Armenian Translation of Remnants of Auschwitz: The Witness and the Archive by Giorgio Agamben has been published
The first book of the Calouste Gulbenkian Translation Series “Quel che resta di Auschwitz. L’archivio e il testimone (Homo sacer III)” (Remnants of Auschwitz: The Witness and the Archive) by Giorgio Agamben has been published.
The book can be found at the Western Armenian Corner at the Artbridge bookstore café and at other bookstores in Yerevan.
Translator – Marc Nichanian
Editor – Minas Lourian
Publisher – Actual Art
Read below biographies of the translator and the editor, as well as short information about the author and the book.
Marc Nichanian, a philosopher, literary critic and translator. Nichanian was born in France, and specialized in Armenian Studies and Philosophy. Nichanian has taught at a number of outstanding Universities in France, Italy, the USA, Turkey and Armenia. He has a long bibliography of published books, both translations and his own works on literature, philosophy, and the humanities. In 1980, he founded KAM (ԿԱՄ), an analytical journal, which has been published with interruptions between 1980 and 1986, then in 2000’s, and is currently being published again since 2020. Nichanian now resides in Lisbon, Portugal. You can read the introduction to the translation by Marc Nichanian here.
Minas Lourian, Director of the Center for Armenian Culture Studies and Documentation. Born in Beirut, Lebanon, he did part of his musical studies there, then moved to Venice in 1980 to continue his studies. Since 1987, he began to work with Veneto Musica and several other music societies, institutions, and international festivals of early and contemporary, classical and jazz music, as a founder, coordinator, or director. The recording studio founded by Lourian in 1991, created a complete sound archive of the orally transmitted Armenian medieval sacred chant repertoire, conserved since the beginning of the 18th century in San Lazzaro, by the Armenian Mekhitarist Congregation. Between 2016-2019, he was the president of the Italian-Armenian community representative board (Unione degli Armeni d’Italia).

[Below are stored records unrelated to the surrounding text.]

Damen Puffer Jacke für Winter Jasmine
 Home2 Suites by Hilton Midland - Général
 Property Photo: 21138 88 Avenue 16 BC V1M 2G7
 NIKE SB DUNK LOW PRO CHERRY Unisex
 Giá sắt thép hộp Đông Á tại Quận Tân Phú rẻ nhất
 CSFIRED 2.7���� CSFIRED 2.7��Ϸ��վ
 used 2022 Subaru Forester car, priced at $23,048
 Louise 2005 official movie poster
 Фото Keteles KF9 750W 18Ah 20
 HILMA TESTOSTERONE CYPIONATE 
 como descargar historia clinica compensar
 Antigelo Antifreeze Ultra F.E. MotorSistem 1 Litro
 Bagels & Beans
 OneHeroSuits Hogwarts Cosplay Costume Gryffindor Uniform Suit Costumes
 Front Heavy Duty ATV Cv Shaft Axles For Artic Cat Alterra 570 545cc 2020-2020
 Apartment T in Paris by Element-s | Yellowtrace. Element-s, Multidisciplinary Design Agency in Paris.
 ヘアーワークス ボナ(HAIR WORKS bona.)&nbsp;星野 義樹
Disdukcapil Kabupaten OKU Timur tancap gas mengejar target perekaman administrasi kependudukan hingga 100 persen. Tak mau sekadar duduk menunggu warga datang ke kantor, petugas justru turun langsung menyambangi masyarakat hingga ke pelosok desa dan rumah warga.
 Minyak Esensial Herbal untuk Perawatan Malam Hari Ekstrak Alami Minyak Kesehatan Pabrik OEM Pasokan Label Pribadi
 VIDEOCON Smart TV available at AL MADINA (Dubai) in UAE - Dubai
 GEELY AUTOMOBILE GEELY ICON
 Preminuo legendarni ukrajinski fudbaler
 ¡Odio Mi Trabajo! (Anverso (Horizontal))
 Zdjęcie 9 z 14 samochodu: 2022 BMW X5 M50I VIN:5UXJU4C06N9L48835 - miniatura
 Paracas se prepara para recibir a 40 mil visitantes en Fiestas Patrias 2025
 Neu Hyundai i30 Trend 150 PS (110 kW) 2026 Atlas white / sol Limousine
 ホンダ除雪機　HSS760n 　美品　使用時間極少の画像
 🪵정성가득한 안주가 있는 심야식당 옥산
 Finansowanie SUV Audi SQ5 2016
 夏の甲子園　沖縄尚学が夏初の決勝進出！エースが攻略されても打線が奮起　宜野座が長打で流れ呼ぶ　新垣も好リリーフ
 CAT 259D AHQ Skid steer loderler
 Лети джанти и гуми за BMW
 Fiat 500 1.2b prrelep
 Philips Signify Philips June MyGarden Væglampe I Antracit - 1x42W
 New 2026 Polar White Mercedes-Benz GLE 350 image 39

Giorgio Agamben (1942) is one of the leading figures in philosophy and political theory. His unique readings of literature, literary theory, continental philosophy, political thought, religious studies, and art have made him one of the most innovative thinkers of our time.
Agamben was educated in law and philosophy at the University of Rome. As a post-doctoral scholar in Freiburg (1966–1968), he participated in Martin Heidegger’s seminars on Hegel and Heraclitus, and was later a fellow at the Warburg Institute, University of London, from 1974 to 1975. Agamben then began teaching and–over the course of the next four decades–taught at a number of acclaimed European and American universities.
In addition to his important philosophical heritage, Agamben has critically engaged with religious and legal texts, as well as with some of the most important literary figures and poets in Western culture.
Source https://egs.edu/biography/giorgio-agamben/ (The European Graduate School)
About the Book
In the book Remnants of Auschwitz: The Witness and the Archive, the Italian philosopher looks closely at the literature of the survivors of Auschwitz, probing the philosophical and ethical questions raised by their testimony.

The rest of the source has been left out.